A nice, thorough review of my latest book, by Coryne Hall,
“The Coburgs of Europe. The Rise and Fall of Queen Victoria and Prince Albert’s European Family,” by Arturo E. Beéche. (Eurohistory.com). 376 pages, over 500 photographs.
The Coburgs were described by Bismarck as ‘the stud farm of Europe” and reading this enthralling book will show you exactly why. Beginning with the 1777 marriage of Duke Franz Friedrich Anton and Augusta of Reuss-Ebersdorff, Arturo Beéche takes readers on a fascinating journey showing just how their descendants extended into the European monarchies in the wake of the Napoleonic wars, thus changing the course of history.
To form an idea of the sheer scope covered it is worth remembering that by the end of the nineteenth century the descendants of Franz Friedrich Anton and Augusta occupied the thrones of Great Britain, Belgium, Portugal, Bulgaria and the ducal throne of Saxe-Coburg and Gotha; and they provided consorts for Prussia, Mexico, Austria, Saxony, Hohenzollern, Romania, Hesse and by Rhine and Hohenlohe-Langenburg. By the twentieth century they had reached Sweden, Italy and Luxembourg as well. To cover all this in one volume is an impressive achievement.
The mainstay of the family was Duchess Augusta. Forced to approach the hated Napoleon in support of her eldest son, she wrote: …’the happiness of my children is well worth the sacrifice and I will do it quite willingly.’ She lived up to this rule, determined that her family of nine children would achieve political greatness. In 1796 her daughter Juliane married Grand Duke Constantine Pavlovich. Although the marriage was unhappy, it enabled Juliane’s brother, the dashing Prince Leopold, to join the Russian army. In London in 1816 he married the Prince Regent’s daughter Princess Charlotte of Wales. After his wife’s death in childbirth Leopold went on to become the first King of the Belgians, thus founding the Belgian branch of the Coburgs.
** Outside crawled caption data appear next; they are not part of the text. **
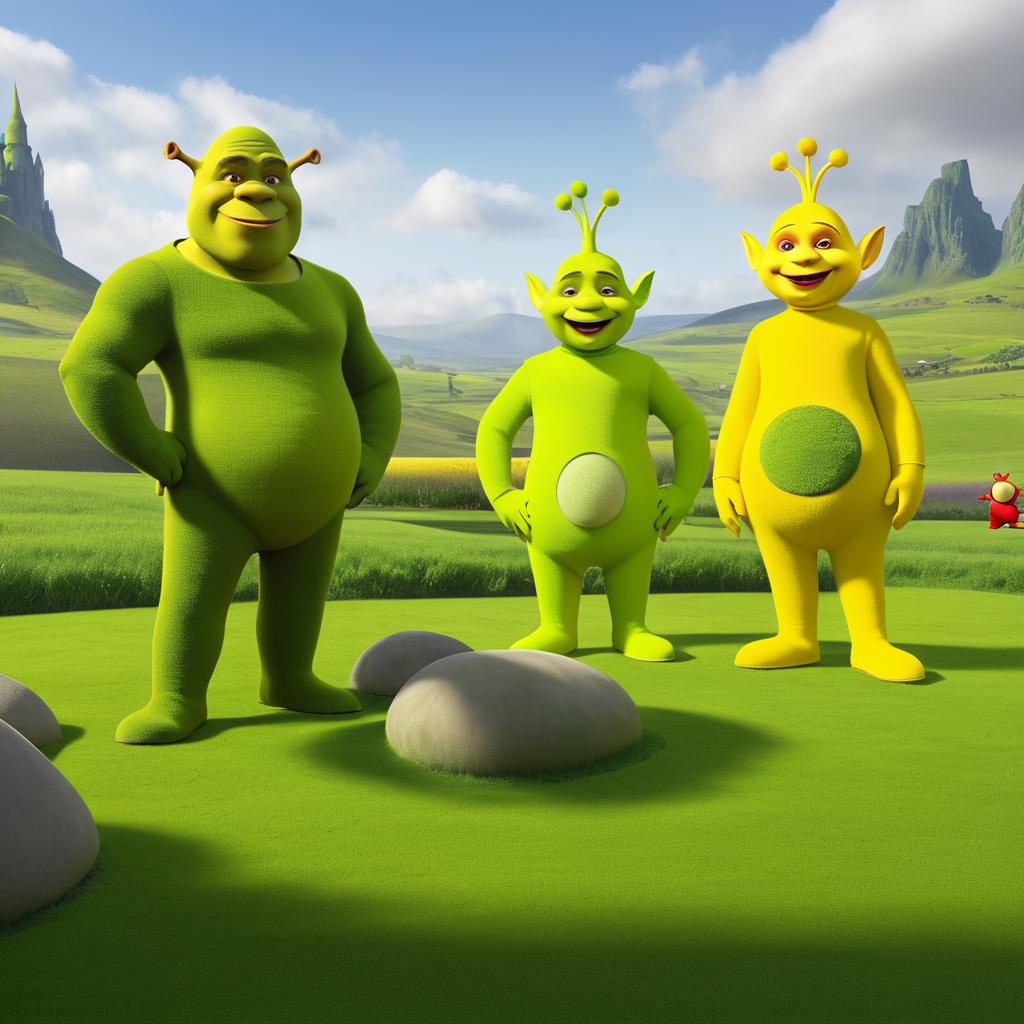 Shrek and Teletubbies Concept Art Collaboration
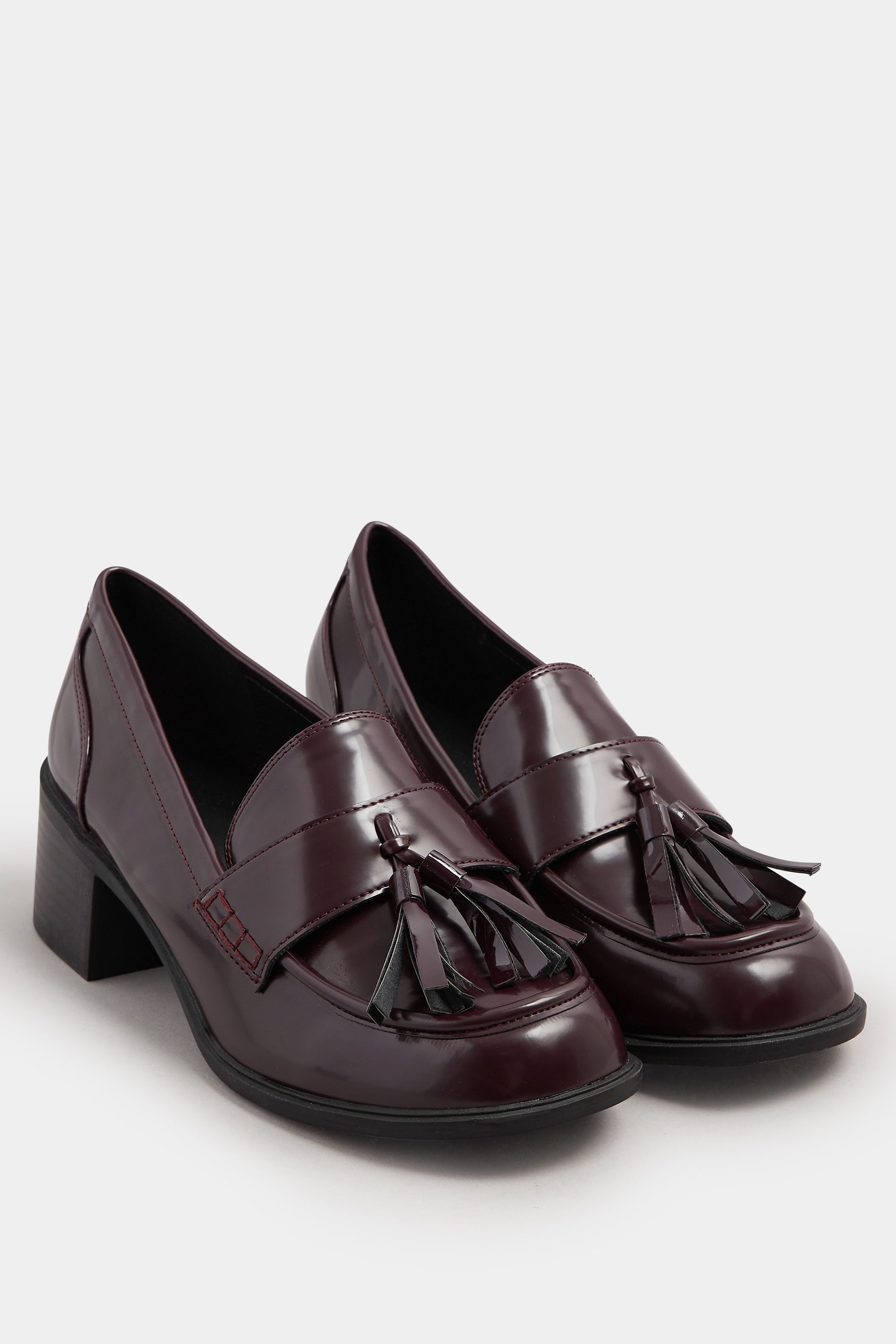 Burgundy Red Patent Heeled Tassel Loafers In Extra Wide EEE Fit | Yours Clothing 2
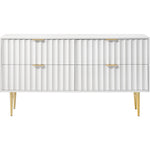 Modernist Wood Veneer And Stainless Steel Base Dresser in White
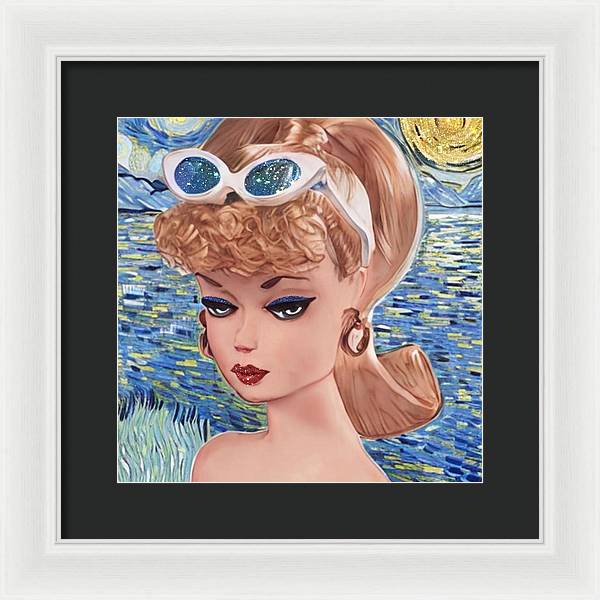 Starry Night BarBie - Framed Print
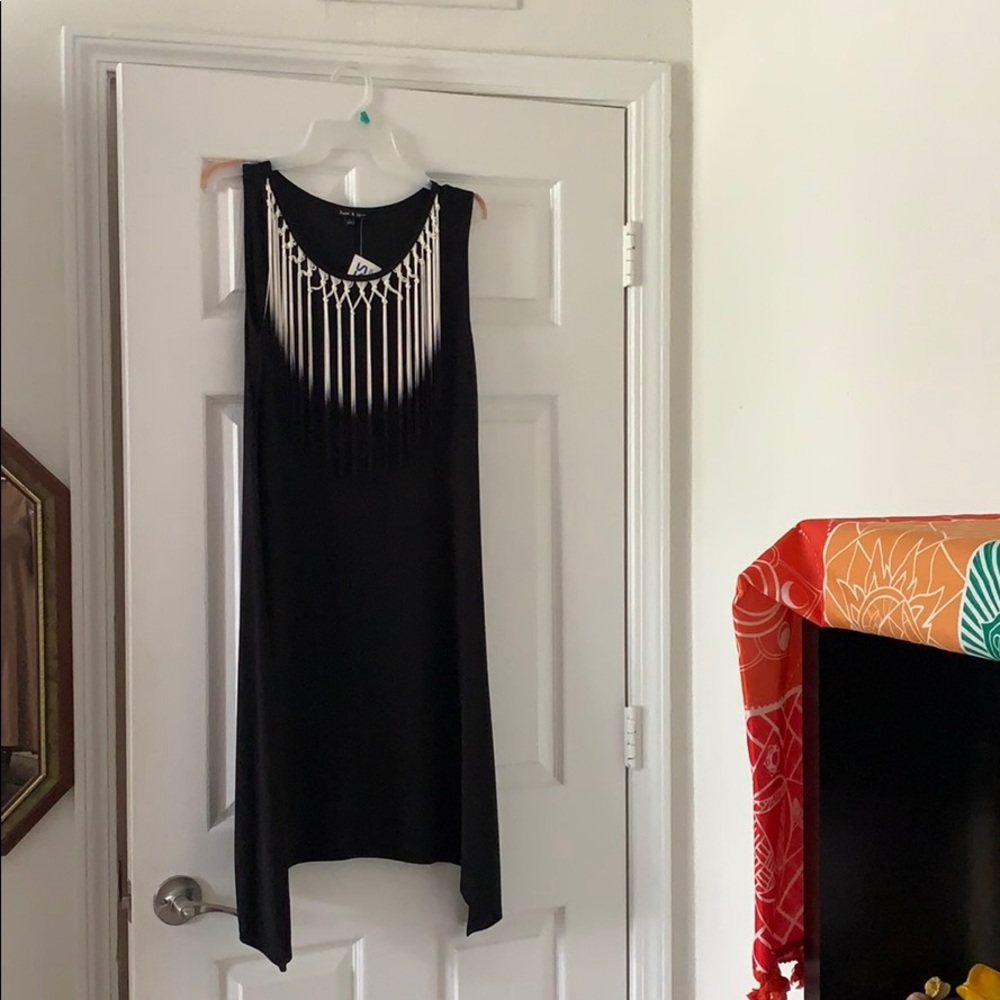 Black Ombré Tassel Dress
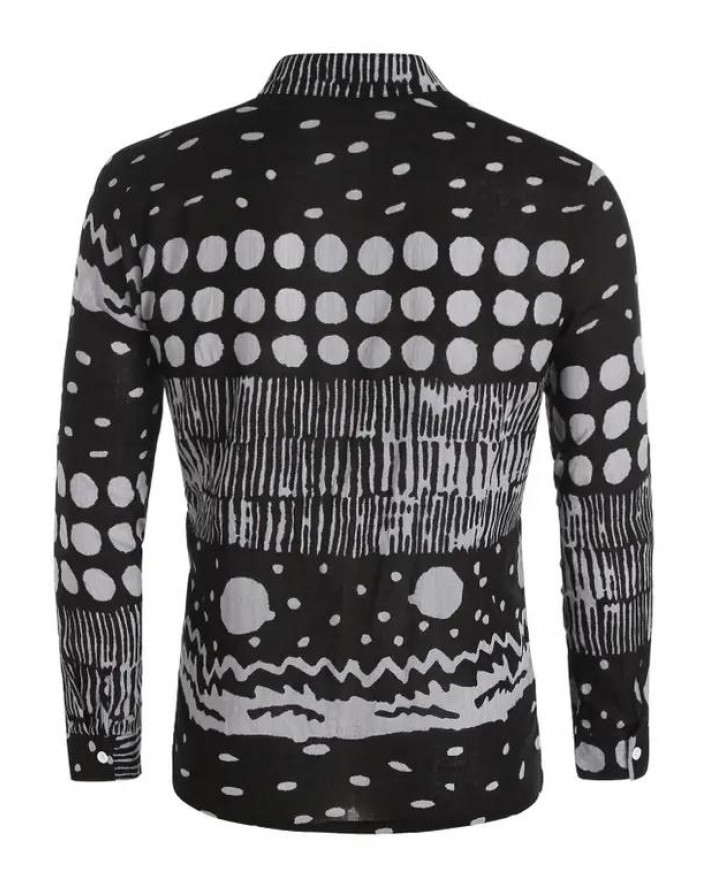 Casual Shirt Wavy Geometric Printed Long Sleeve Stand Collar Half Button Trendy Shirt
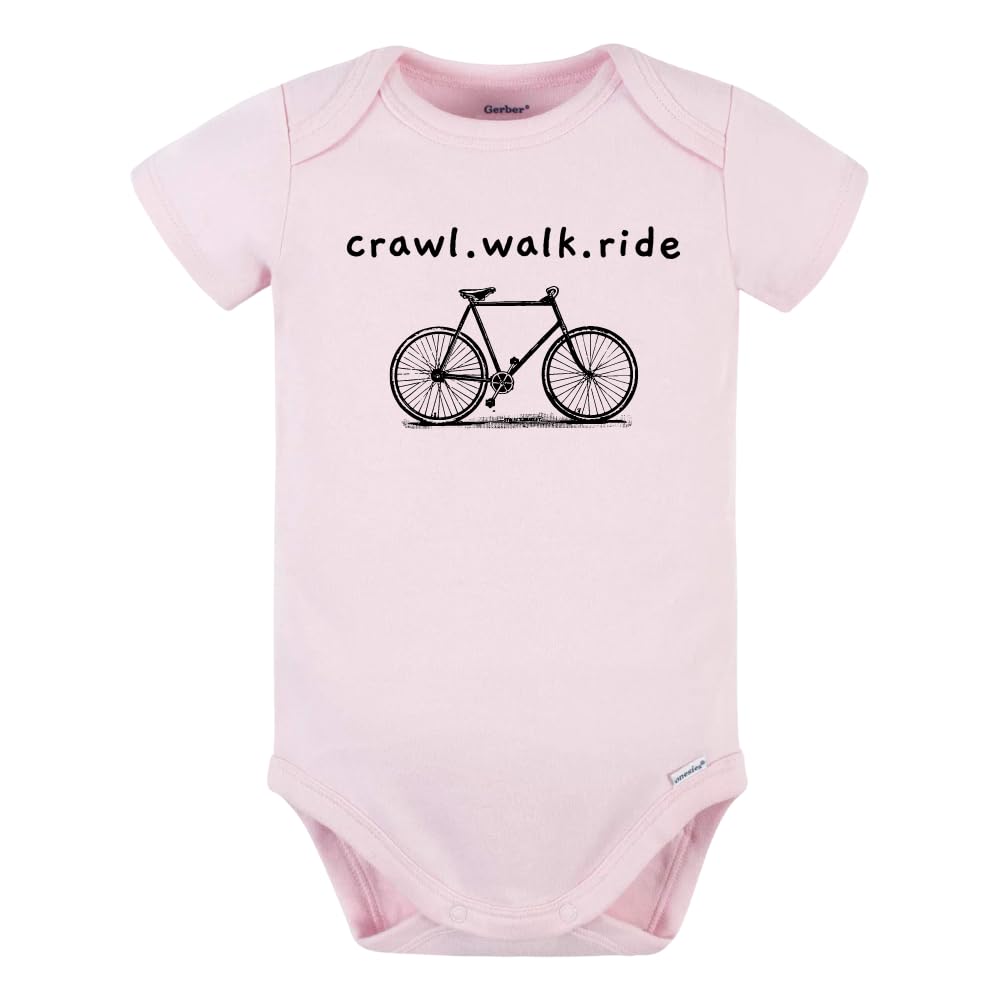 Crawl Walk Ride Bike Baby Bodysuit, Newborn Outfit, Baby Clothes, Gift for Children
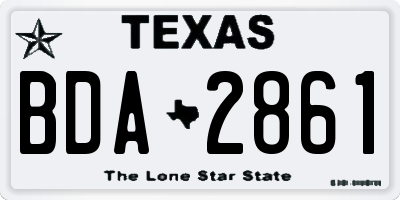 TX license plate BDA2861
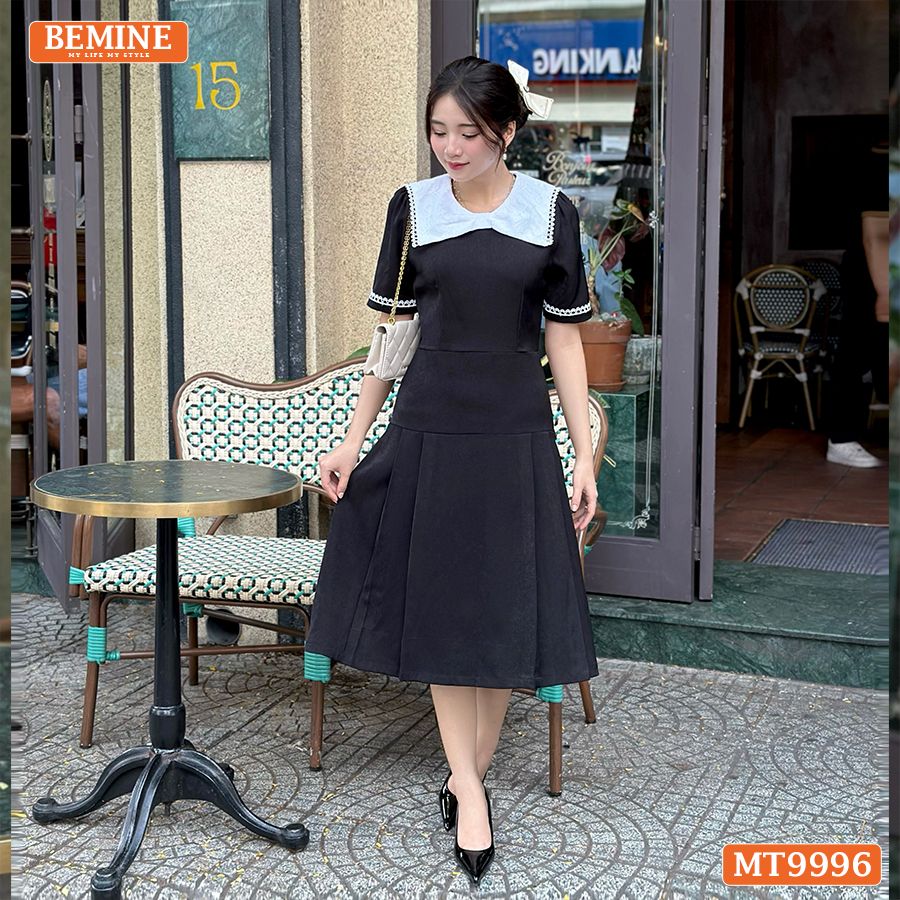 Đầm thiết kế BEMINE cổ tròn kiểu nơ phối ren dáng chữ A phù hợp đi làm, đi chơi-MT9996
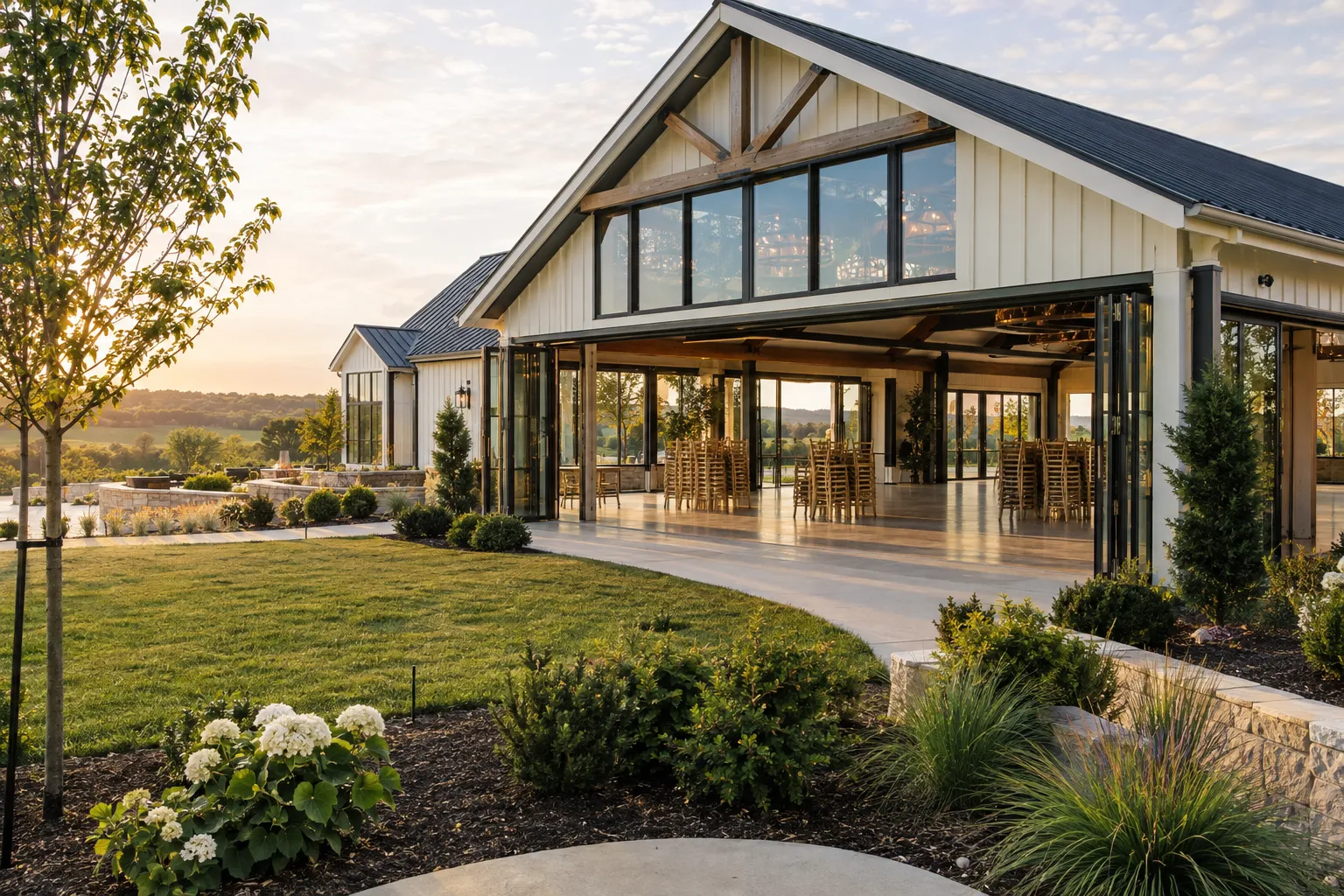 Newly built farmhouse pavilion venue preparing to open (illustrative)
As the uncle of the young Queen Victoria he became one of the most important and influential members of this extraordinary family.
One of the most spectacular marriages was that of Augusta’s son Ferdinand and the Hungarian heiress Antonia von Kohary, which brought the immense riches of the Koharys into the family. This inheritance made the Coburgs the third largest landowners in Hungary until just after the First World War. Their descendants, raised as Catholics, became the Saxe-Coburg-Kohary line. One son married Queen Maria II of Portugal; a grandson, Ferdinand, later became Tsar of Bulgaria. It was one of Antonia’s discontented relatives who supposedly pronounced a curse on the Coburgs. Whether you believe this story or not, thirteen princes descended from Duchess Augusta’s family predeceased their own fathers.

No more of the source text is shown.